Hezbollah, having officially won the Miss Pan-Arabia pageant by humiliating Israel, has donations pouring in not just from Iran, but from all over the Islamic world. They're already sluicing the cement for brand new bridges and apartment buildings, probably much nicer ones than the Israelis blew up. As of this tenuous moment, the only fighting going on in Lebanon is over rights to movie and endorsement deals for the Second Lebanon War. Meanwhile our pollyanna press is conspicuously not pointing out this fact: when Lebanon became a democracy, the press let every neo-twit shout it from a rooftop as an epochal event--one marking the beginning of more democracies and a peace which would sweep through the region. "We make elections," as Dubya hisself put it. At the time of that early Bush Doctrine victory, few questioned the wisdom of spreading democracy in the Mideast, and even a simple question like "who would they vote for?" was evidently too rude for public countenance.

Such votes allowed Hezbollah to become a well-represented political party, and it has either won or controls 35 seats in the Lebanese parliament. Come next elections in Lebanon you might well expect them to win a majority. Presto-change-o, Hezbollah isn't a terrorist organization any more; it's a real political party, perhaps to be a government. More recently in Palestine, the militant Hamas organization underwent a similar makeover. Actually, metamorphosis is a better word. The neo-twits have proved out right about one thing, power resides in the democratic process, and it seems to be repeatable. The smartest thing the Irish Republican Army ever did was finally form a chrysalis around its thugs, glue them to a solid object and wait for the Sinn Fein Party to emerge as a victorious butterfly.
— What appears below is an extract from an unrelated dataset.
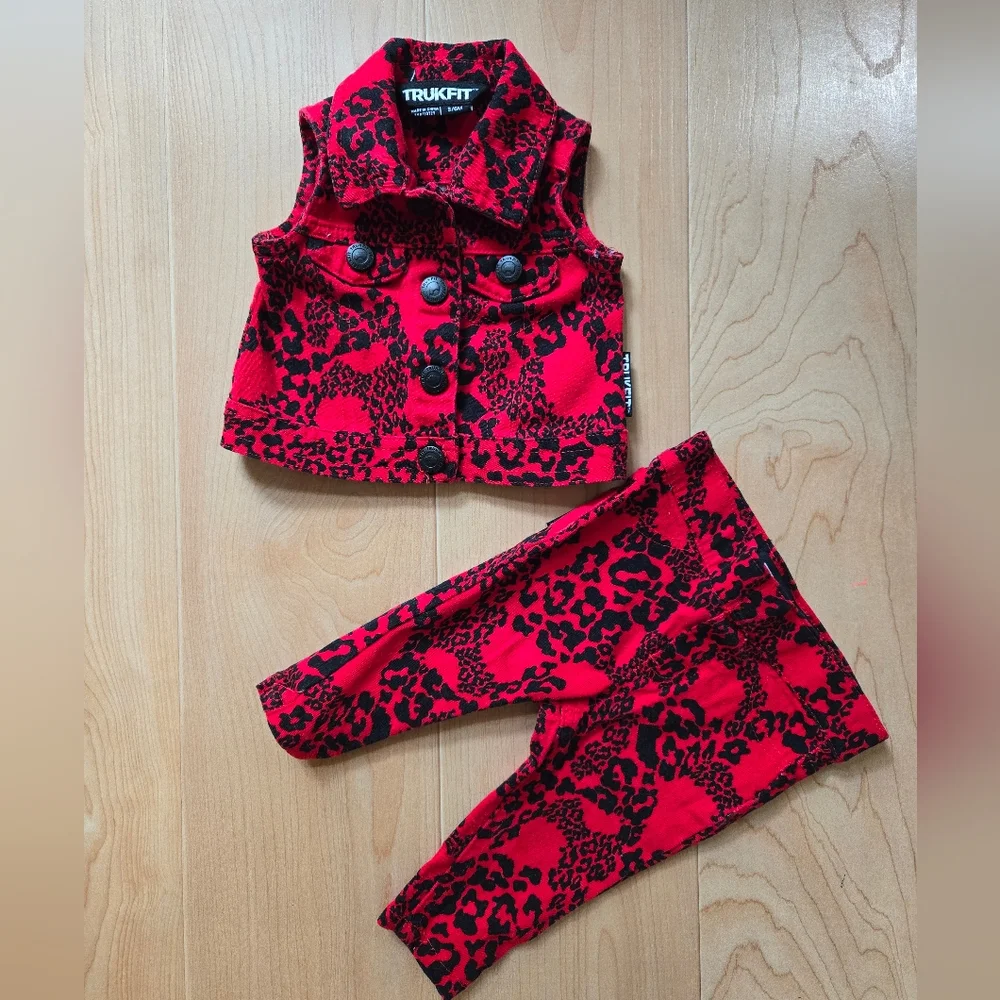 Trukfit red and black animal print 2-piece vest and pants set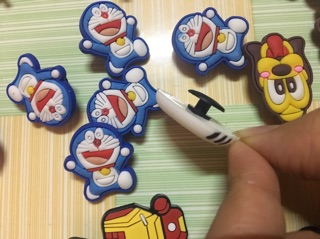 Sticker gắn dép sục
Awhile back I read a book by Victor Davis Hanson, one of the neo-twits' leading intellectual lights. And I say that without irony. (See http://en.wikipedia.org/wiki/Victor_Davis_Hanson .) The book was called 'Carnage and Culture,' and surprisingly, unlike every other of similar agenda I've ever touched, it was a serious work with well-founded premises. Even more surprisingly, I enjoyed it. Usually reading neo-twit screeds are like a trip to the dentist, a sadistic dentist with bad teeth and rusty instruments, a real incompetent butcher who chain smokes, laughs maniacally and won't stop talking...to himself. Kind of like Steve Martin's portrayal of a dentist in Little Shop of Horrors. Forgive me, I'm raving again. It's just that I made the mistake of buying Francis Fukuyama's 'The End of History and the Last Man' when it came out, at full price with sales tax, and have yet to get over the ensuing trauma. Maybe if his blithering puffery hadn't been taken seriously for the past ten years.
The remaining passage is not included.